Ask questions about the Chinook music database in plain English

Download

If you want to try the full project locally, you can download the complete example from GitHub: Download Full Example.

That version includes the seed data, the tool definitions, the system prompt, and the small UI used in this post, so you can run it, tweak it, and extend it with your own queries or even a different dataset.

Conclusion

This project is intentionally small, but it shows the core idea behind a lot of useful AI agents. The value does not come from building a huge system or some overly complicated orchestration layer. It comes from giving the model a clear job, a small set of useful tools, and a workflow that lets it inspect real data before answering.

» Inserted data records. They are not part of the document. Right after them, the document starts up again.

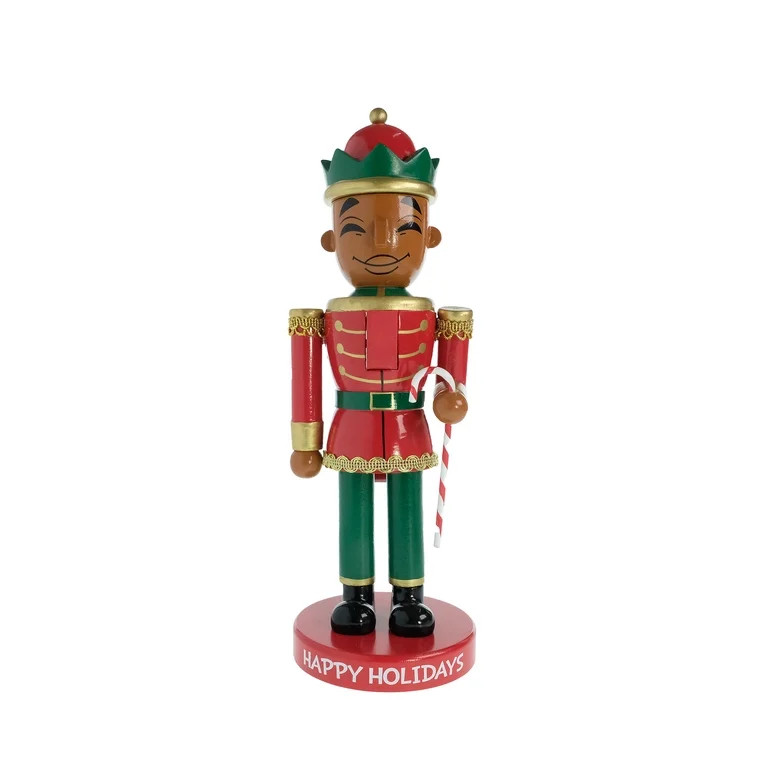 Black Paper Party Nutcracker, 11 inches Tall, Wood, Green, Red, Multi-Color | Walmart (US)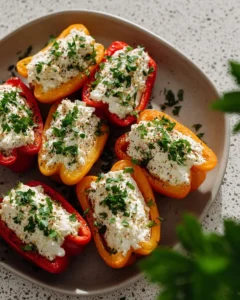 Delicious creamy feta stuffed peppers on a wooden plate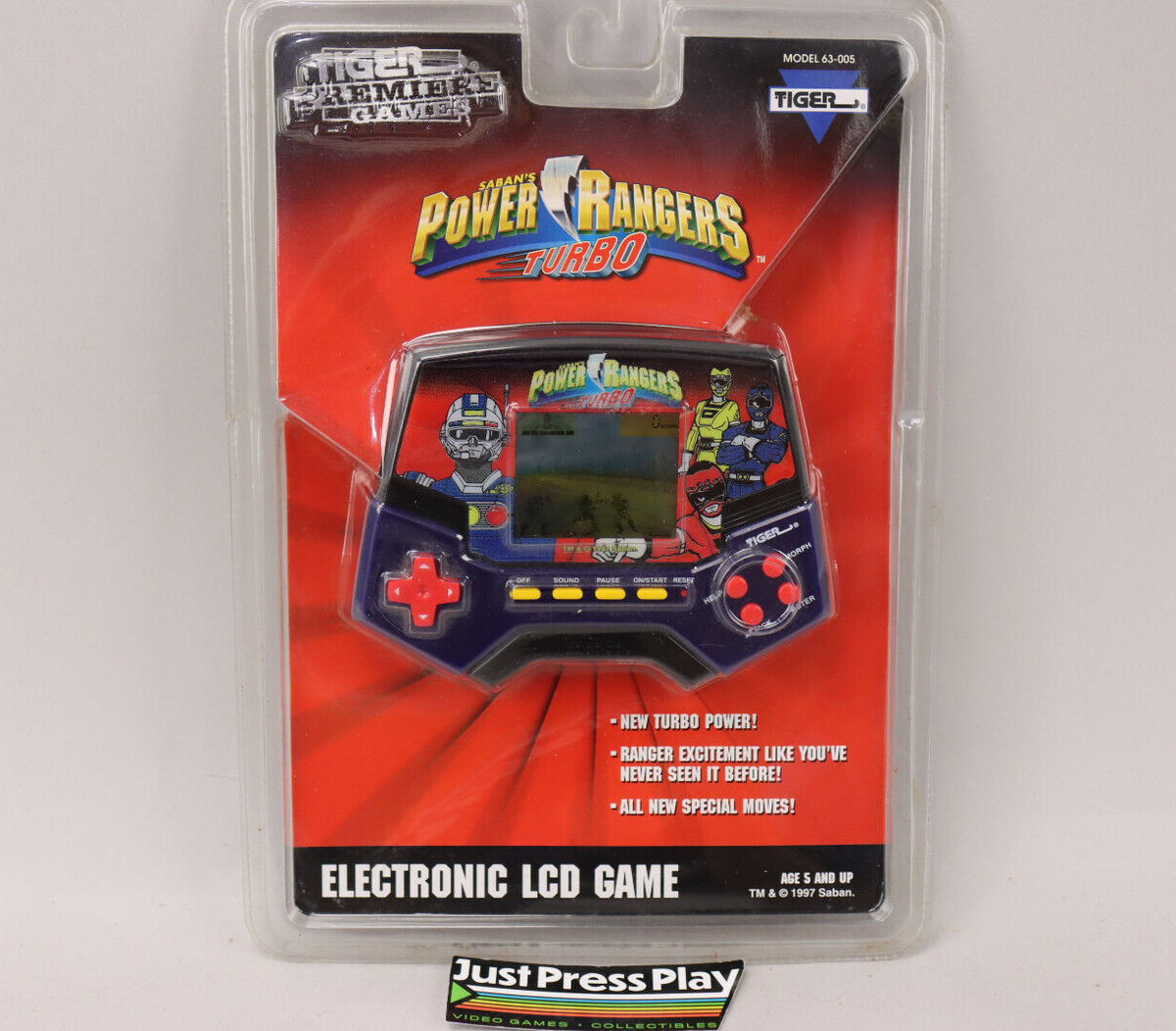 NOS 1997 Tiger Premier Games Power Rangers Turbo Electronic LCD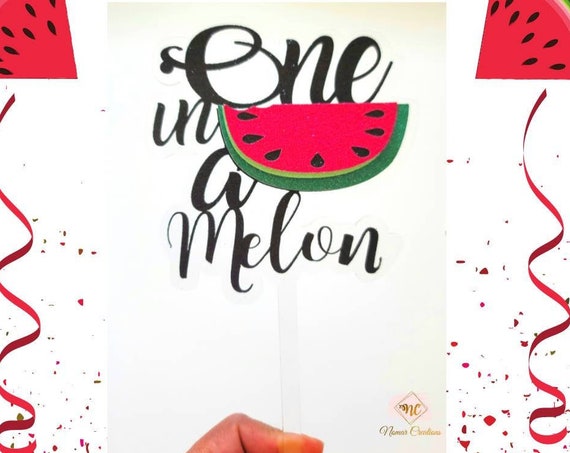 One in a Melon First Birthday / Watermelon Cup Cake Topper / Watermelon Birthday/ One in a melon Acrylic and Cardstock Cake Topper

A SQL analyst agent is a really good starting point because the feedback loop is tight. The model checks the schema, writes a query, sees the result, and adjusts if needed. Once that pattern is working, you can take it much further by adding query safety checks, supporting more databases, streaming steps to the UI, or even generating charts and reports.

If you’re learning how to build agents, this is exactly the kind of example worth building yourself. It’s simple enough to understand from start to finish, but still realistic enough to teach the habits that actually matter in bigger systems.